Watering hole – одна из разновидностей многоуровневых целенаправленных кибератак. Впервые я услыхал о ней на каком-то семинаре по безопасности, а вот подоспел и весьма показательный пример из реальной жизни.

Дословно watering hole действительно означает водопой, хотя имеется и более современное неформальное значение – бар/паб/кабак, где принято опрокинуть рюмку-другую после работы. Известно, кстати, что такие места уважали шпионы-вербовщики практически всех мировых разведок, так что перенос «лучших практик» в киберпространство вполне ожидаем. Со своей, естественно, спецификой.

Схема атаки примерно такова: находится какой-то более-менее специальный сайт (раздел, страница), который посещает именно необходимая категория жертв; он максимально незаметно взламывается, чаще всего с целью скрытной переадресации на внешний ресурс; с последнего, используя какие-то уязвимости в браузерах, на компьютеры жертв загружается вредоносный код, как правило малоизвестный. Собственно, и все, дальше, как говорится, дело техники.

Упомянутый реальный инцидент, подробно описанный компанией Invincea выглядел следующим образом. Вначале был взломан сайт Министерства труда США, конкретно, его разделы, популярные у сотрудников Министерства энергетики, в частности, посвященные опасности для здоровья персонала, вовлеченного в разработку ядерного оружия.

Внедренный JavaScript-код переадресовал пользователей на сайт злоумышленников, который задействовал неизвестную (0day) уязвимость Internet Explorer 8 для Windows XP. Microsoft ее уже признала и до выпуска патча рекомендует обновить браузер или скорректировать настройки безопасности. С этого сайта загружался необычный вариант трояна Poison Ivy, который распознавался только двумя из 46 популярных антивирусов.

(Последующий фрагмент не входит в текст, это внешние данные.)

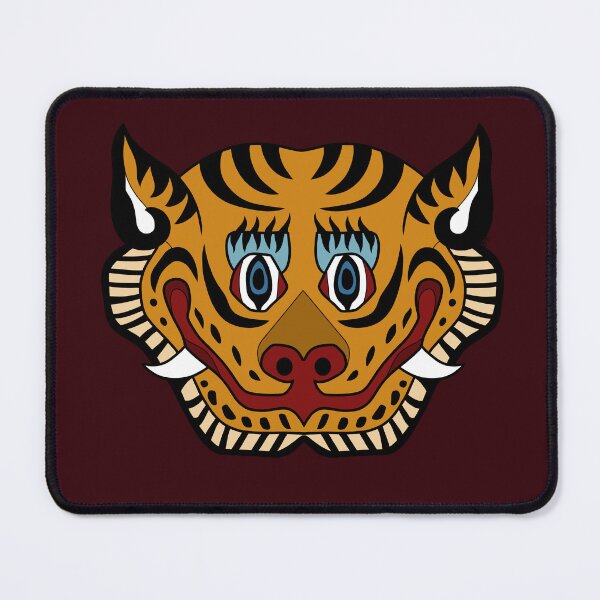 Item preview, TIBETAN TIGER RUG FACE-maroon designed and sold by BEATRIZ ABAITUA.
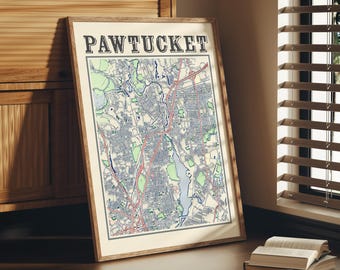 Antique Pawtucket RI Map: Rhode Island Wall Art Print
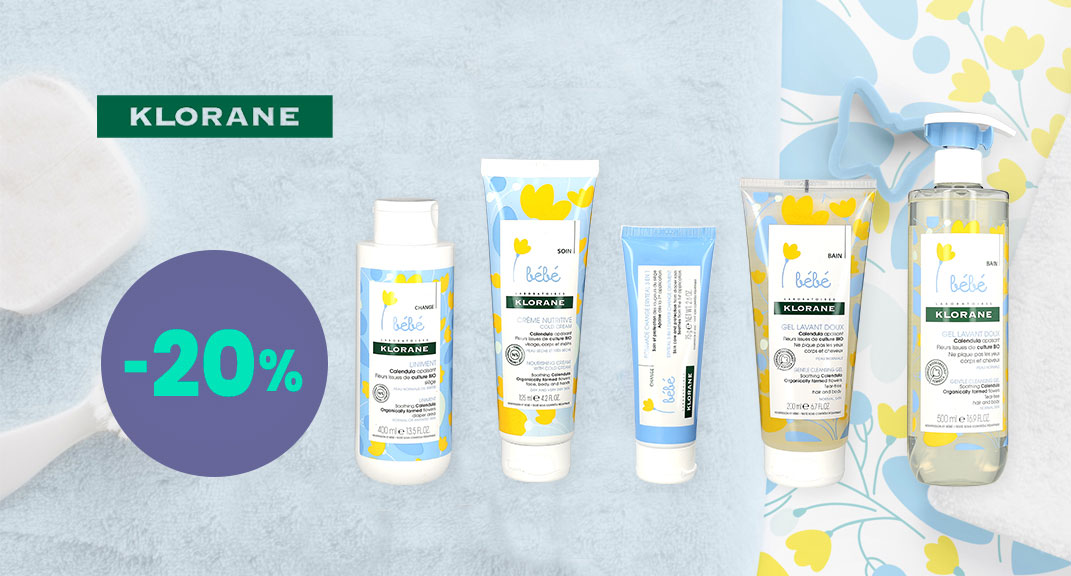 KLORANE BÉBÉ : -20% sur la douceur pour votre tout-petit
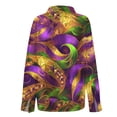 thumbnail image 5 of Blue T Shirts for Women Fashion Casual Printed Button Long Sleeve Shirts Tops, 5 of 6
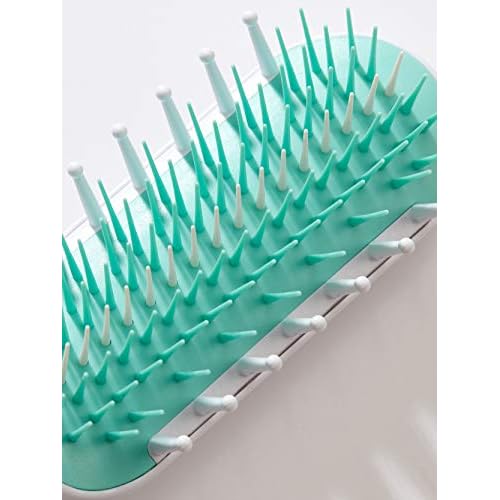 Frida Baby Detangling Hairbrush for Thick or Curly Hair, Toddler Hairbrush, Detangler Brush for Kids, Wide-Tooth Comb & Bristle Combo, Loosens Knots Without Tears or Breakage, Wet or Dry Use, Teal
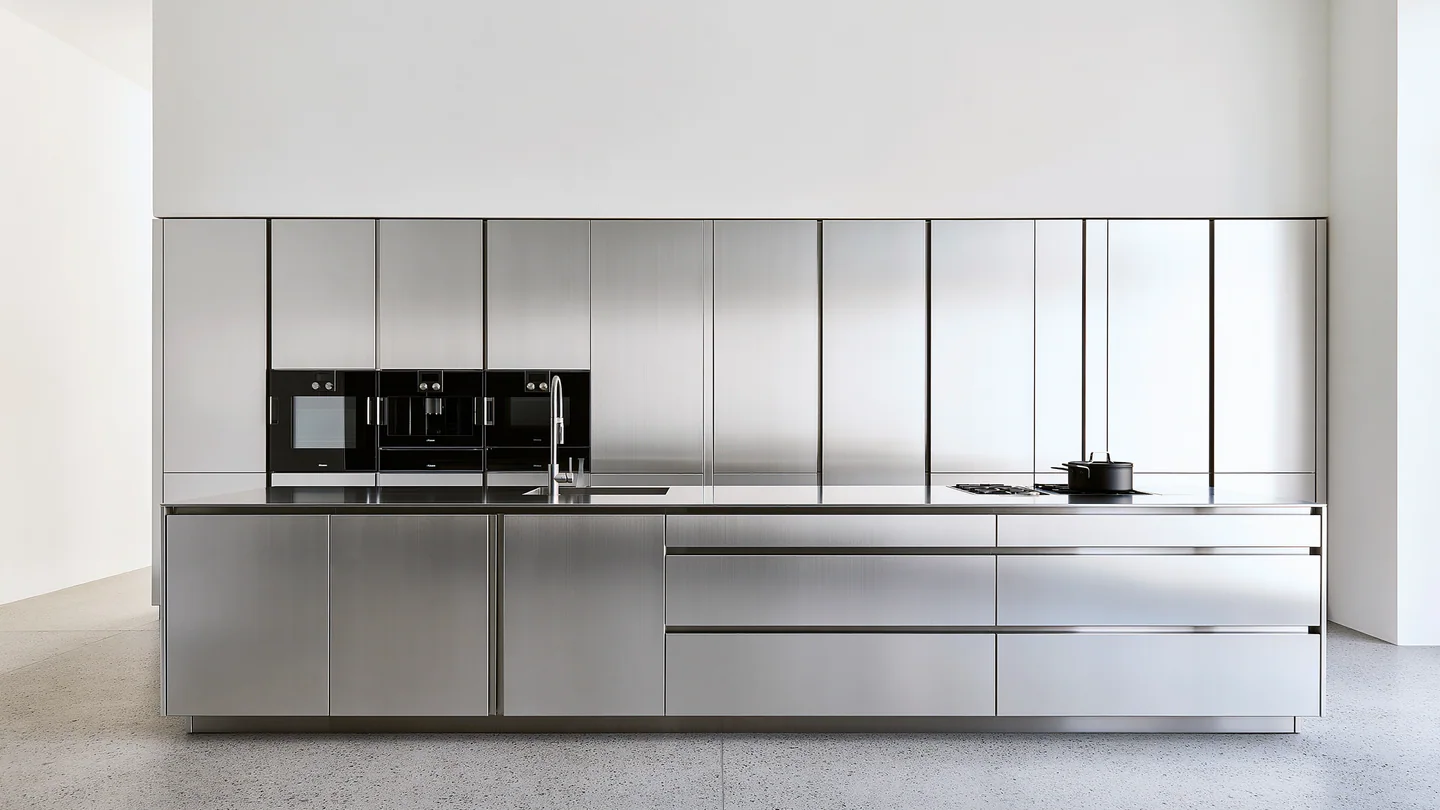 A cold silver aluminum architectural kitchen, shown as a wide room view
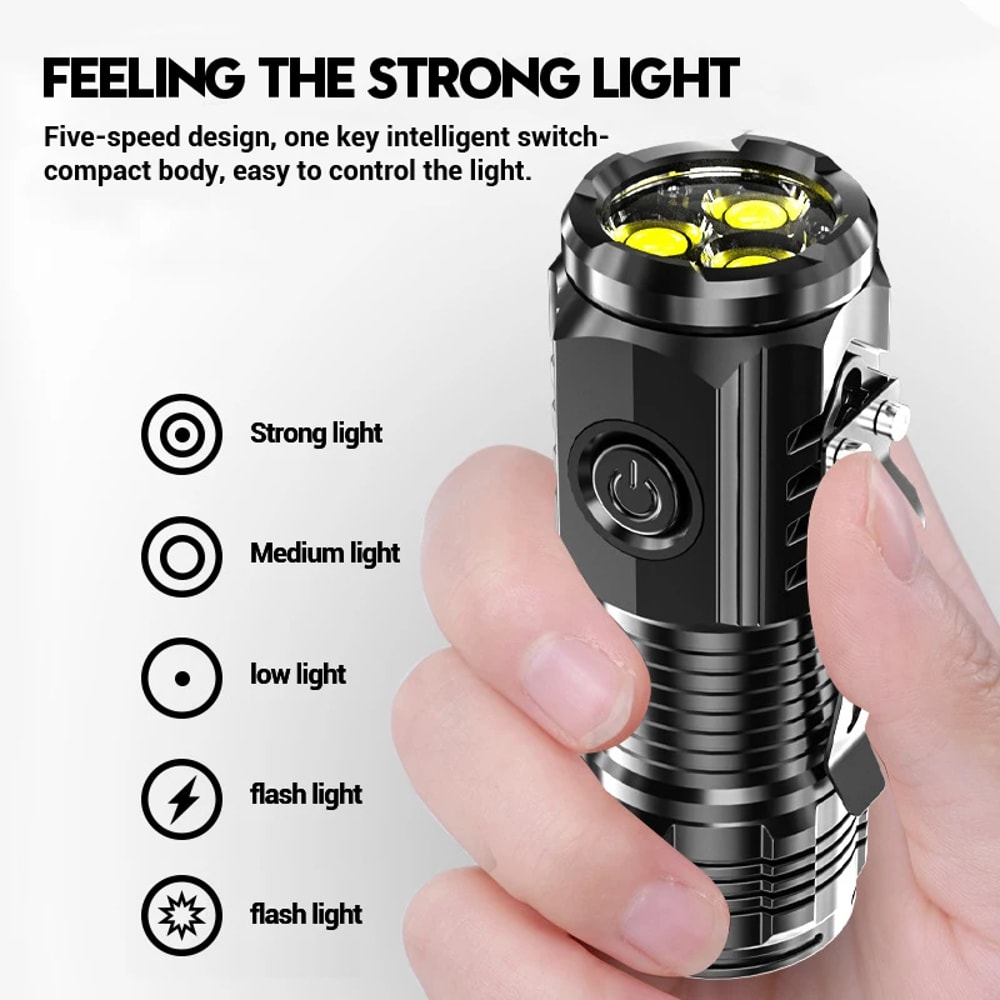 LED Super Bright Handheld Flashlight HighQuality Rechargeable USB Torch Waterproof With CAP CLIP Fo 4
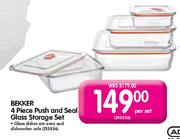Bekker 4 Piece Push & Seal Glass Storage Set
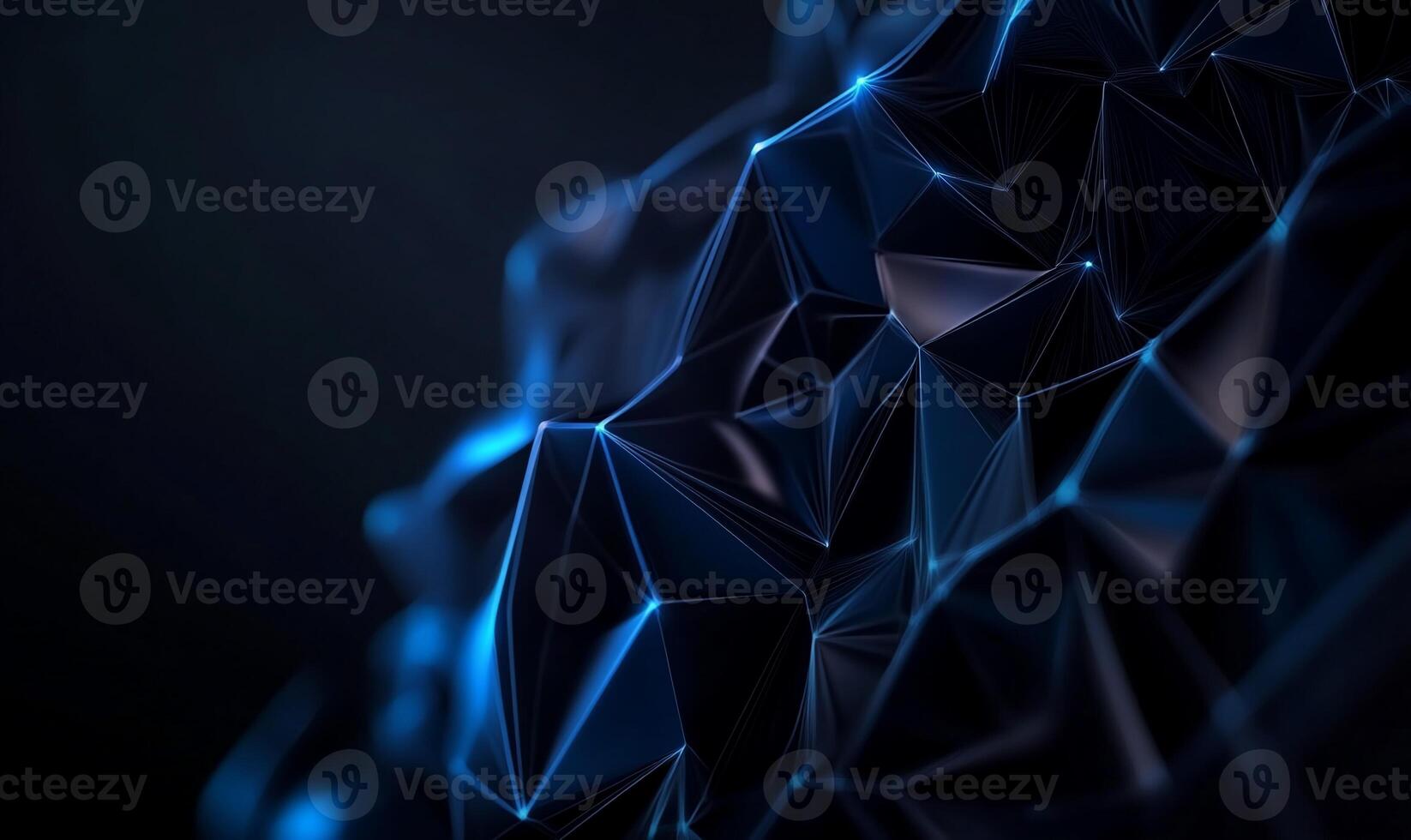 Abstract dark blue low-poly 3D mesh photo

О целях злоумышленников можно только догадываться, хотя выбор целевой аудитории достаточно красноречив. Естественно, после обнаружения атаки ее последствия были ликвидированы, но сколько она продолжалась незамеченной не сообщается.

Вводы из инцидента я бы сделал следующие (кто не согласен, приводите контраргументы):

1. все чаще для атак используются совершенно легитимные сайты, т.е. правило «просто не ходить куда не надо» вряд ли уже можно считать эффективным. Как видно, угроза может исходить откуда угодно и вряд ли .gov стоит считать заведомо безопаснее .com и пр.
2. считается, что с каждым годом 0day-уязвимостей обнаруживается все меньше. Однако эта статистика может быть очень обманчивой. Почему не предположить, что атаки просто стали лучше скрывать? А тенденцию к этому отмечают фактически все эксперты.
3. вероятно, корпоративное правило «не трогать то, что работает» требует пересмотра. Описанная атака эффективна только в Internet Explorer 8 на Windows XP. Оба продукта по меркам ИТ – сильно устаревшие. Современные версии более безопасны и ломаются гораздо сложнее.
4. поскольку застраховаться от подобных атак в принципе невозможно, нужны какие-то инструменты перманентного контроля, которые помогали бы оперативно реагировать, пусть и на косвенные признаки. Вопрос: что это может быть?